The New York Times, in contrast, clearly has lifetime tenure for those elevated to their regular op-ed rotation. I may be crediting those in charge with more discernment than they possess, but I can’t believe a rational person would have wanted the last five or so years of Bill Safire before his op-ed retirement this year. And, for all his fame, someone at the Times must be shaking their head when they read Tom Friedman.
There is a natural half life to almost all columnists that I’ll define at ten years. I can’t think of anyone who produced two columns a week for more than that period and made it truly worthwhile.
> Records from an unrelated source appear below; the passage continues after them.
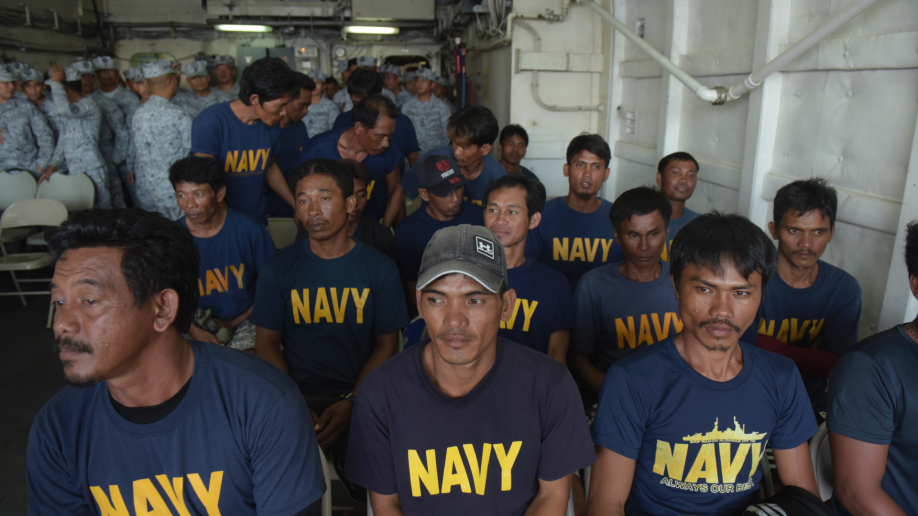 Tàu Philippines bị đâm được VN cứu: TQ nói lý do tàu cá bỏ mặc ngư dân gặp nạn - 1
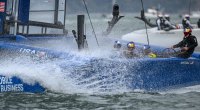Skipper für SailGP Jimmy Spithill segelt auf einem F50-Katamaran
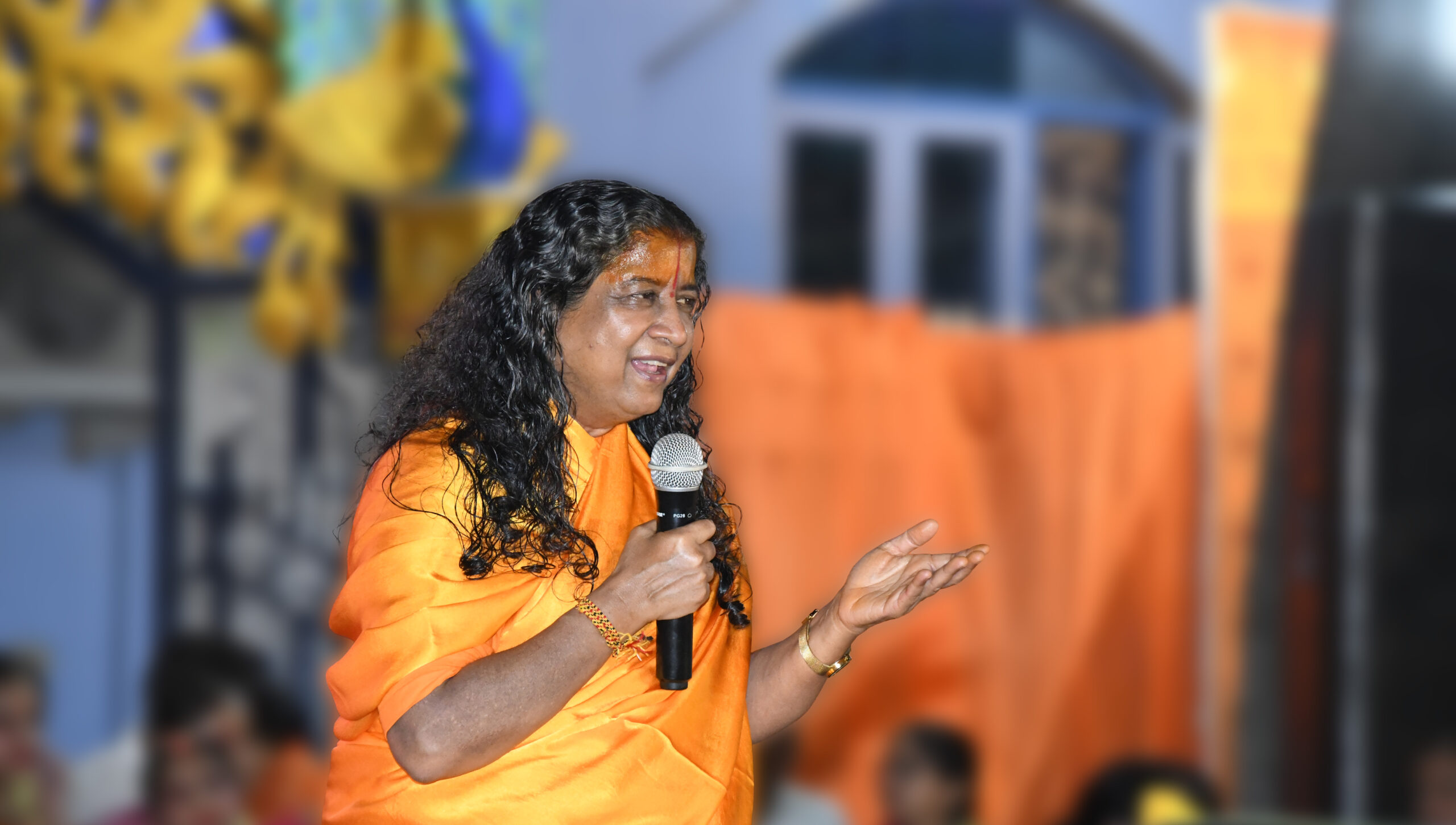 Dr. Yogeshwari Devi ji giving discourse at Golok Dham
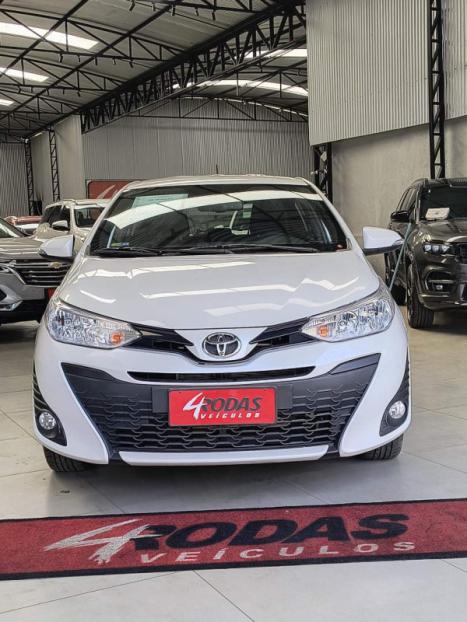 TOYOTA Yaris Hatch 1.5 16V 4P FLEX XL MULTIDRIVE AUTOM�TICO CVT, Foto 5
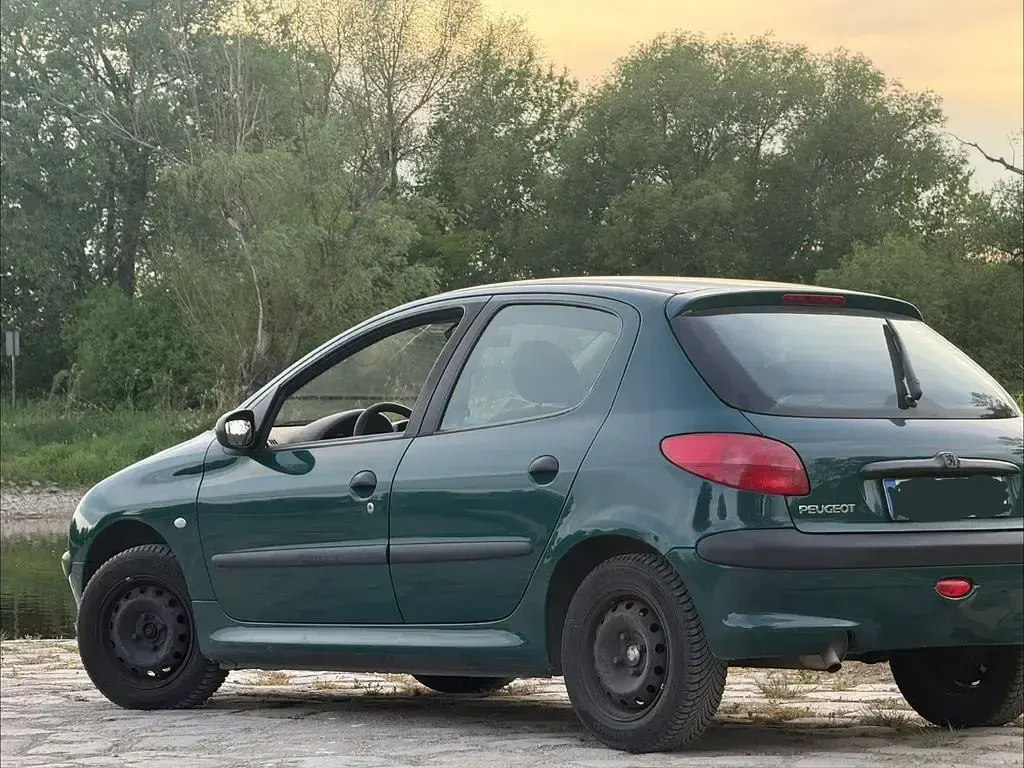Gebraucht Peugeot 206 109 PS (80 kW) 2001 Grün Limousine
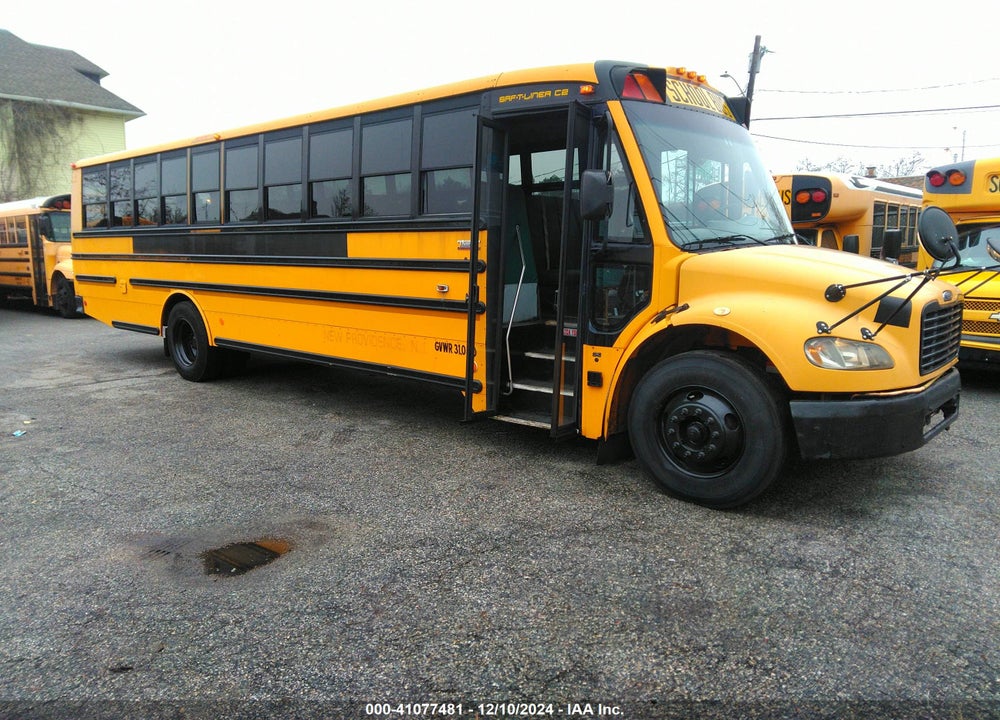 2007 FREIGHTLINER CHASSIS B2B VIN: 4UZABRDC97CW15268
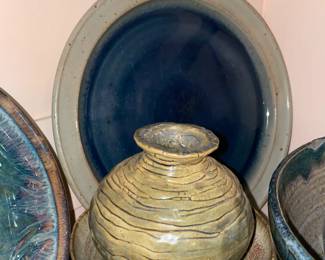 BEAUTIFUL 100+ Piece Collection Of Pottery (Bowls, Mugs, Plates, Vases, & More!)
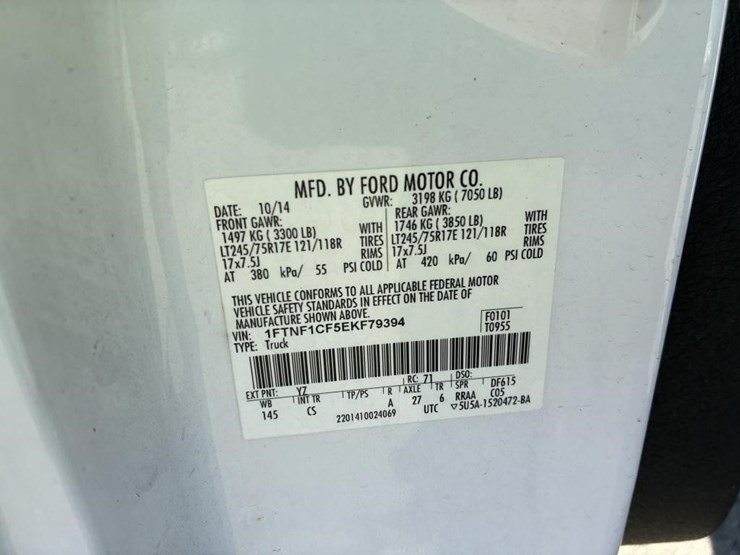 2014-ford-f150-image-17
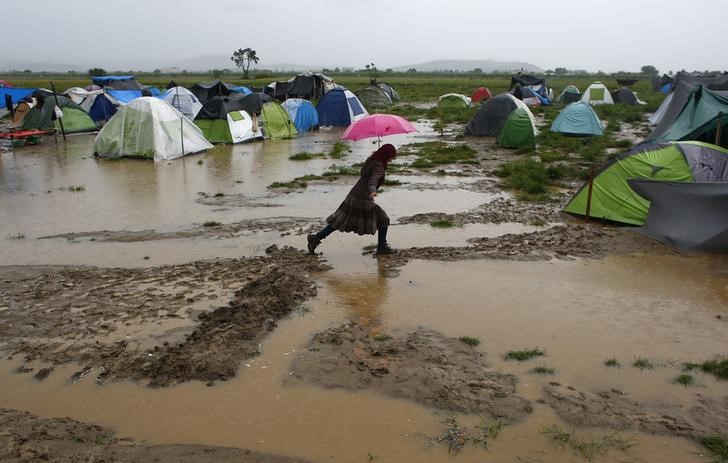 © Reuters. Mulher vista em acampamento improvisado para imigrantes em Idomeni, na Grécia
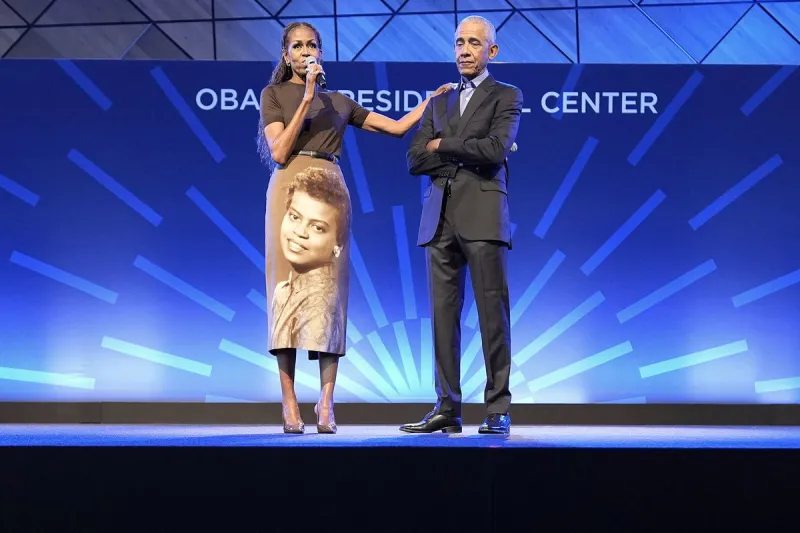 Look of the Week: Michelle Obama honors her late mother in a custom-made skirt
Bloggers, dare I say it, probably face the same problem but no one pays most of us and just about none of us have made the decade mark in any case.
All of which is a lengthy prelude to my befuddlement at The Guardian’s hiring of Simon Jenkins as a columnist. Jenkins is one of those odd figures that litter the modern British establishment. He had considerable early achievement. He was editor of London’s Evening Standard in his 30s, then became political editor of The Economist when that meant more than it does today. He had a brief spell as editor of The Times, before becoming a twice-weekly columnist for that paper. He constantly pops up on committees of “the great and good”: BBC Charter Review, various lottery commissions, etc. Hasn’t he inflicted his opinions (most of which I can’t bear, I will confess) on the British public for long enough?